View larger image here.


FIG. 10 shows a timing chart of a specific example of the present design. For instance, data of a first frame #1 of the AE signal shown in FIG. 10A is written into the buffer memory 19 in a section 1 of a time scale (FIG. 10F) and, in a section 2, it is subjected to window operation in the window operation stage 32 as shown in FIG. 10B and then subjected to Butterfly operation in the 10-stage Butterfly operation stage 33, thereafter being output as a complex spectrum 81 in a section 12 (FIG. 10C).

Since this spectrum is a back-to-back spectrum peculiar to the FFT operation, only its first half part is converted as a power spectrum in a section 13 (FIG. 10D). Thereafter it is transferred to the accumulator 23 (FIG. 1) and the accumulation is repeated for each frequency component and then the accumulated output is provided as an accumulated power spectrum in a section 17 in which all operations for one event have been completed (FIG. 10E).


Figure 11a : Is a diagram showing an example of the spectrum of the ae signal obtained with an embodiment of the present invention
for the micro fracture detector




Figure 11b : Is a diagram showing an example of the spectrum obtained in the case where the fast fourier transform was performed at 8192 sample points without framing the ae signal
for the micro fracture detector




Figure 11c : Is a diagram showing an example of the spectrum obtained in the case where the fast fourier transform of a 14-bit word length of a fixed-point arithmetic without involving the use of the auto scaling circuit 25 was performed
for the micro fracture detector



FIG. 11 shows power spectra of the AE signal obtained with the present design. FIG. 11A shows the spectrum of the AE signal obtained in the case where the framing and the auto scaling were effected; FIG. 11B shows the spectrum obtained by performing the FFT of 8192 sample points without the framing; and FIG. 11C shows the spectrum obtained by 14-bit fixed-point arithmetic FFT without involving the auto scaling means.


Figure 12a : Is a diagram showing the flow of an operation in a butterfly operation unit
for the micro fracture detector




Figure 12b : Is a diagram showing the flow of an operation in a butterfly operation unit
for the micro fracture detector




Figure 12c : Is a diagram showing the flow of an operation in a butterfly operation unit
for the micro fracture detector




Figure 12d : Is a diagram showing the flow of an operation in a butterfly operation unit
for the micro fracture detector




Figure 12e : Is a diagram showing the flow of an operation in a butterfly operation unit
for the micro fracture detector



FIG. 12A, FIG. 12B, FIG. 12C,FIG. 12D, and FIG. 12E show the butterfly algorithm steps.

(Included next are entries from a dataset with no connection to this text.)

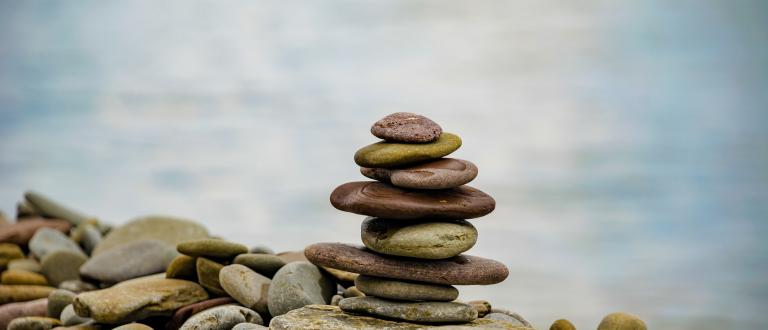 A stack of flat stones by water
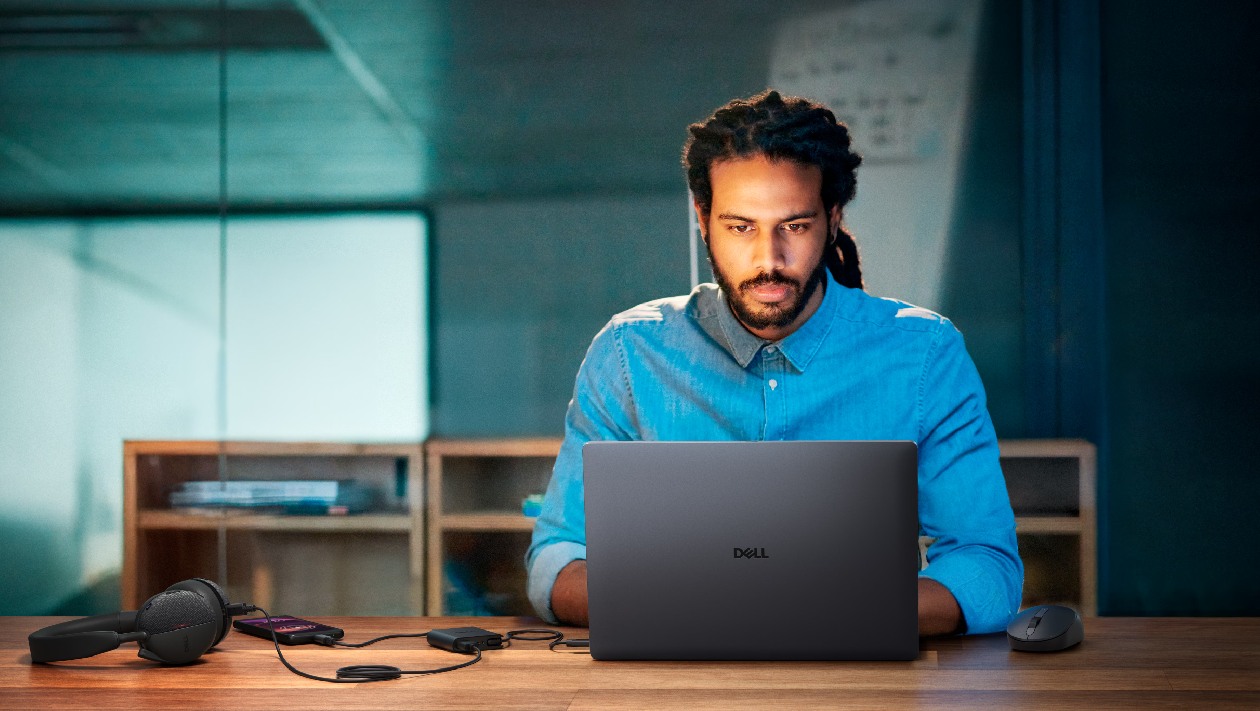Profissional em camisa azul utilizando notebook Dell em mesa de madeira com fones de ouvido, smartphone e mouse conectados ao hub compacto DA225 em ambiente de home office com iluminação suave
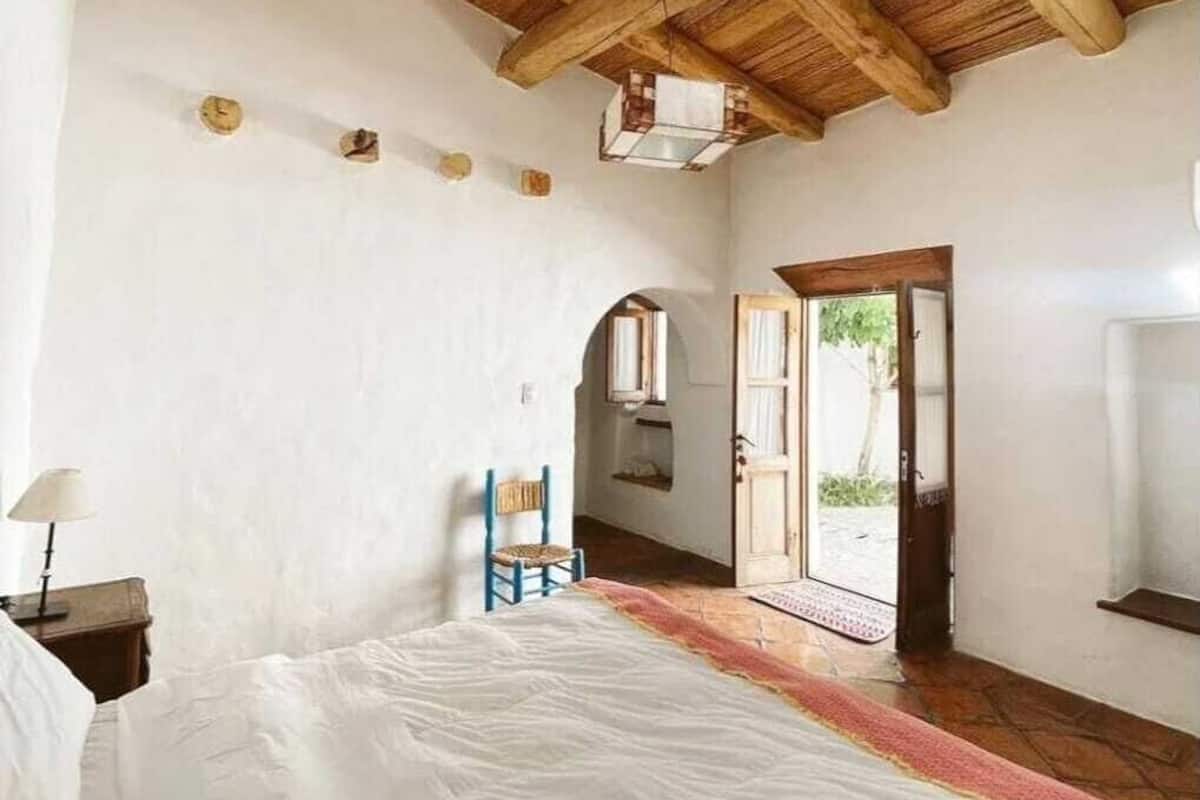 A bedroom with a wooden ceiling, a bed, a nightstand, a lamp, and a window.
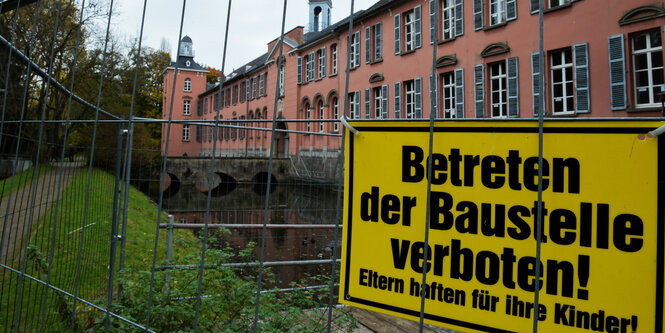 Ein langgestrecktes, rosafarbenes Haus, vor dem ein Bauzaun steht, an dem ein Schild „Betreten der Baustelle verboten! Eltern haften für ihre Kinder“ hängt.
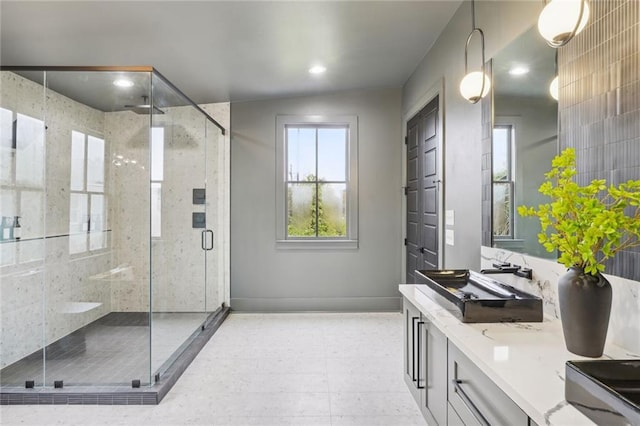 full bath featuring double vanity, recessed lighting, a shower stall, and baseboards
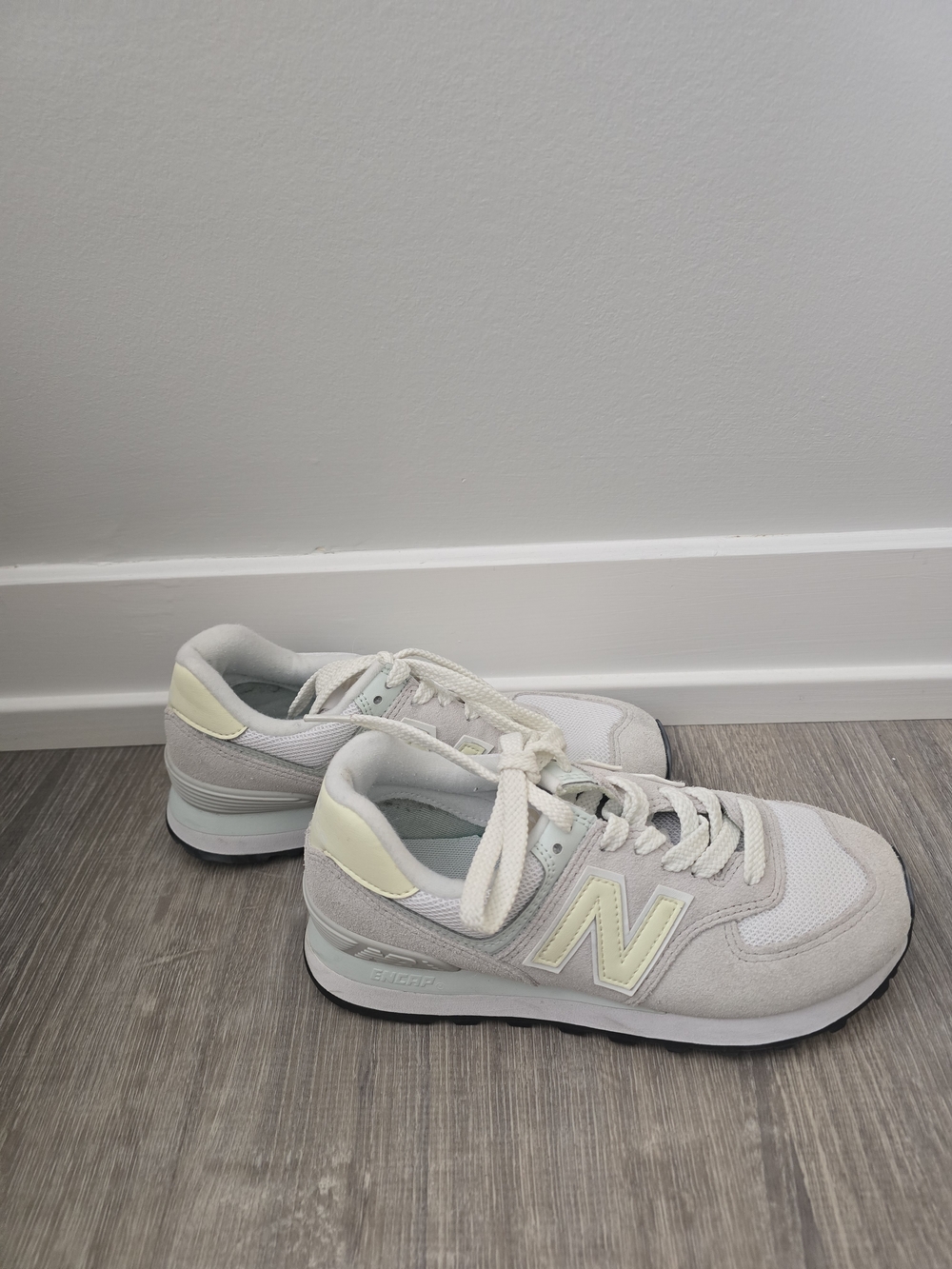 New Balance Women's 574 Classic Sneaker in Light Gray and Cream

From the foregoing embodiment it will be understood that the framing does not destroy the features of the AE signal spectrum but rather suppresses its minute variations observed in FIG. 11B to facilitate the discrimination of its features. Further, it is also seen that the provision of the auto scaling circuit 25 makes the 8-bit FFT comparable to the 14-bit fixed-point arithmetic FFT.

However, the auto scaling circuit 25 need not always be provided.

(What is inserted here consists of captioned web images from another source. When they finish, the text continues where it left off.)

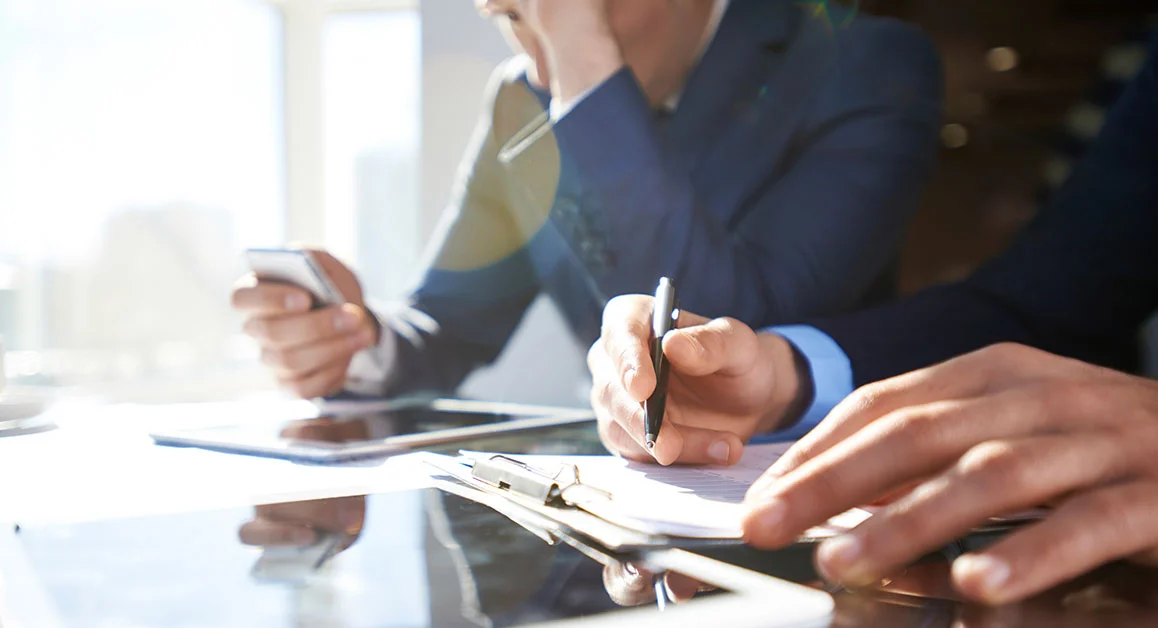 People reviewing documents during a business meeting.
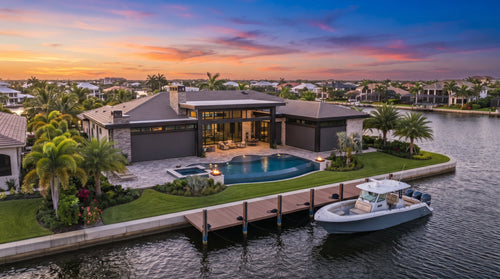 Modern Naples waterfront home at sunset where a home watch walkthrough would take place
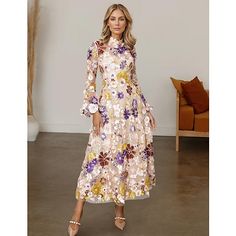 a woman in a floral print dress standing next to a white wall and brown chair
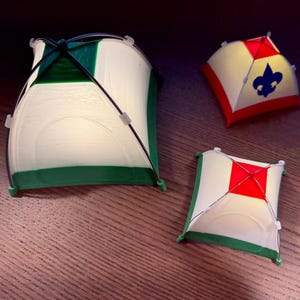 Pode incluir: Três objetos em miniatura em forma de tenda. O maior é branco com acabamentos e detalhes verdes e hastes de suporte pretas. Os outros dois são menores, com detalhes vermelhos e verdes. Um tem um quadrado vermelho no topo e o outro uma flor-de-lis azul.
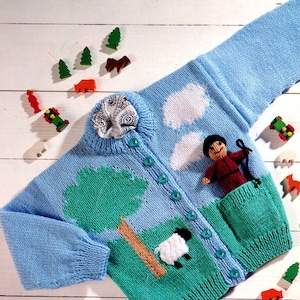 May include: A light blue knitted cardigan with a green, blue and white landscape design. The cardigan features a pocket on the front and a button closure. The design includes a tree, clouds, a sheep and a shepherd figure.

With such an arrangement as described in the foregoing, it is possible to make a real-time frequency analysis of an AE signal the amplitude and duration of which greatly differ with events and the frequency component of which ranges over as wide a band as 1 MHz. As illustrated in FIG. 1, the envelope of the frequency spectrum of the thus analyzed AE signal and a reference frequency spectrum pattern prestored in a reference memory 34 are compared by a comparator 35 and when a micro fracture is detected, or when the micro fracture is larger than a predetermined value, an indicator 36 provides a display or gives a warning.

In the case of storing the output of the accumulator 23 in the memory 24, the timing signal of the timing generator 18 is also stored in the memory 24 to indicate variations in the generated spectral power with time. In the case where the output of the accumulator 23 is stored in the memory 24 only when the AE signal is obtained through the use of the comparator 16, the memory 24 can be used effectively.

Incidentally, the auto scaling circuit 25 is applicable not only to the AE signal frequency analysis but also to other general FFT operations.